> **Supplied material**
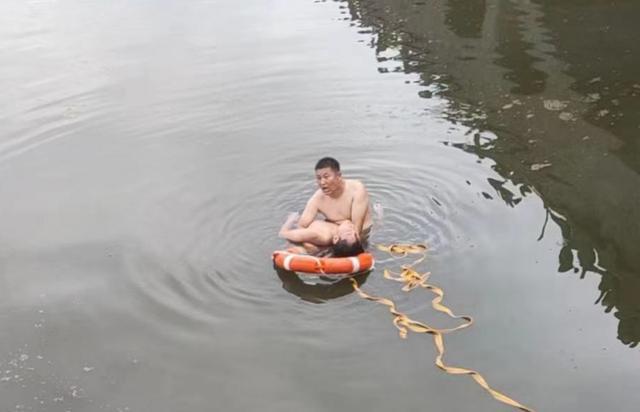 济源一村支书跳河救人后带伤独自离开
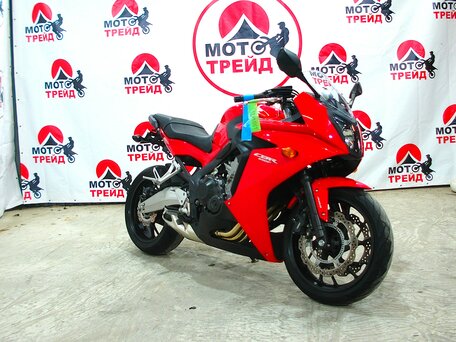 2016 Honda CBR 650F, красный, 740000 рублей, вид 1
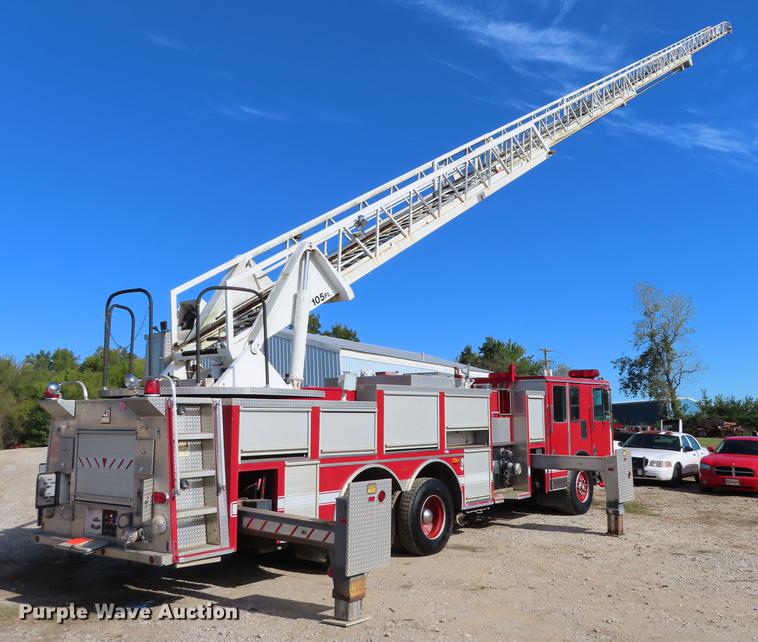 image for item DN9233 1993 Smeal fire truck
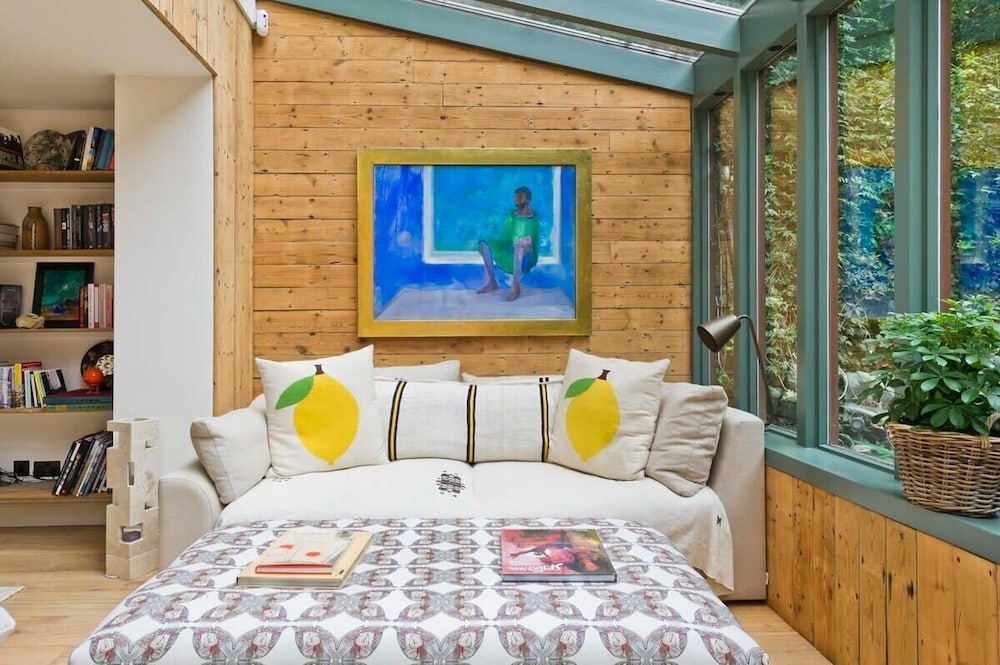 Gorgeous & Grand 5 Bed House, Holland Park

> **Activity**
Only the lines from the one containing "2016 Honda CBR" through the end of the listing should be output, word for word and inclusive; keep pictures out.

> **Response**
 2016 Honda CBR 650F, красный, 740000 рублей, вид 1
 image for item DN9233 1993 Smeal fire truck
 Gorgeous & Grand 5 Bed House, Holland Park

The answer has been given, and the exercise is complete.